Douglas and Darnielle at the Princess Theatre in 2026

===Current members===
- John Darnielle – vocals, guitar, keyboard (1991–present)
- Jon Wurster – drums (2007–present)
- Matt Douglas – saxophone, flute, clarinet, guitar, bass, keyboard, backing vocals (2015–present)

===Current touring members===
- Cameron Ralston – bass (2025–present)

===Former members and collaborators===
- Peter Hughes – bass, backing vocals (1996, 2002–2024)
- Rachel Ware – bass, vocals (1992–1995), (session musician 1995–1996)
- The Bright Mountain Choir (Rachel Ware, Amy Piatt, Sarah Arslanian, Rosanne Lindley)
- The North Mass Mountain Choir
- Franklin Bruno – piano
- Lalitree Darnielle – banjo
- Alastair Galbraith – violin
- Graeme Jefferies – guitar
- John Vanderslice
- Erik Friedlander – cello
- Owen Pallett – strings
- Scott Solter
- Alex Decarville
- Richard Colburn – drums
- Christopher McGuire – drums
- Nora Danielson – violin
- Maggie Doyle – keytar
- Kaki King
- Yuval Semo – organ, piano, string arrangement
- Isa Burke – guitar, violin (touring member 2023–2024)
- Alicia Bognanno – guitar, keyboard, backing vocals

==Discography==

- Studio albums

- Zopilote Machine (1994)
- Sweden (1995)
- Nothing for Juice (1996)
- Full Force Galesburg (1997)
- The Coroner's Gambit (2000)
- All Hail West Texas (2002)
- Tallahassee (2002)
- We Shall All Be Healed (2004)
- The Sunset Tree (2005)
- Get Lonely (2006)
- Heretic Pride (2008)
- The Life of the World to Come (2009)
- All Eternals Deck (2011)
- Transcendental Youth (2012)
- Beat the Champ (2015)
- Goths (2017)
- In League with Dragons (2019)
- Songs for Pierre Chuvin (2020)
- Getting Into Knives (2020)
- Dark in Here (2021)
- Bleed Out (2022)
- Jenny from Thebes (2023)
- Through This Fire Across from Peter Balkan (2025)
- Days (2026)

==In other media==
In the Showtime television series Weeds, the band performed the Theme to Weeds (Malvina Reynolds’ "Little Boxes") during the opening credits of Season 8, Episode 5. The Adult Swim show Moral Orel featured "Love, Love, Love", "Old College Try", and "No Children" on several episodes of Season 3.

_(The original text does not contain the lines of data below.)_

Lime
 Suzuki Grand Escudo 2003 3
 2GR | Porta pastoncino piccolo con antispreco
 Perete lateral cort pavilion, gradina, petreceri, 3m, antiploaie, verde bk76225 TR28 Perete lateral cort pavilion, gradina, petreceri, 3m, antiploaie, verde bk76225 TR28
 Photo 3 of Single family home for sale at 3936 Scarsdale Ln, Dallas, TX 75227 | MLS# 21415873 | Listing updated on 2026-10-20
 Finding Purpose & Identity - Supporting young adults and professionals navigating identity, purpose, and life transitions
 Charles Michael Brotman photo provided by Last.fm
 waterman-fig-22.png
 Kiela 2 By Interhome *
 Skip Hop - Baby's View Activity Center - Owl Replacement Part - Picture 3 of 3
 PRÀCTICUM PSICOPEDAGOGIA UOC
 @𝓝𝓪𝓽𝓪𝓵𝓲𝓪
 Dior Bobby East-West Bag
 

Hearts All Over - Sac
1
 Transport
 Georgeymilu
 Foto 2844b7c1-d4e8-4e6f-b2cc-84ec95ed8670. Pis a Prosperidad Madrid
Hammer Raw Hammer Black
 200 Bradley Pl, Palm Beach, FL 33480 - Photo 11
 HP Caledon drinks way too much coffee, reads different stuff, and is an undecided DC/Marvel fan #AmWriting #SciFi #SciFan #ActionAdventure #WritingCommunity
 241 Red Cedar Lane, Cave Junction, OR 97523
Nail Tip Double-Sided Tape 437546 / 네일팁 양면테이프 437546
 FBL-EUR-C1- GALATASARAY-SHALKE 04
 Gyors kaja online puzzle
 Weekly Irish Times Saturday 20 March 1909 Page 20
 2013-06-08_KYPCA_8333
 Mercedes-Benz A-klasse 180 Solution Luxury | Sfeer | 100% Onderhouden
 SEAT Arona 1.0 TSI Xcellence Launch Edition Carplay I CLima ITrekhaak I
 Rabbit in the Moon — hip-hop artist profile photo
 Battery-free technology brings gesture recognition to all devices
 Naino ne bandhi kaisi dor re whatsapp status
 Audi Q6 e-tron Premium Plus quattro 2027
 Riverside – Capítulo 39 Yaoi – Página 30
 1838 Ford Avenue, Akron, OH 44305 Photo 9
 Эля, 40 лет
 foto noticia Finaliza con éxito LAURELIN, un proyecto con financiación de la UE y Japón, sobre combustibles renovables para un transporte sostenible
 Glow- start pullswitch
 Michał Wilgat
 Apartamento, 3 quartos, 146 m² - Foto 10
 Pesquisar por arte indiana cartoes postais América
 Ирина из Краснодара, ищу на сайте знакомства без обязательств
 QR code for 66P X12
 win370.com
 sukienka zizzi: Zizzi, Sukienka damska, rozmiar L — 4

The band made their television debut on October 6, 2009, playing "Psalms 40:2" on The Colbert Report. On January 19, 2010, they played "Genesis 3:23" on Late Night with Jimmy Fallon. On February 23, 2011, they played "Birth of Serpents" in support of their album, All Eternals Deck, on the Late Show with David Letterman. On April 6, 2015, the band performed "Foreign Object" on Late Night with Seth Meyers while promoting Beat the Champ. In July 2019, the band performed on The Late Show with Stephen Colbert, with Stephen Colbert joining in to sing "This Year".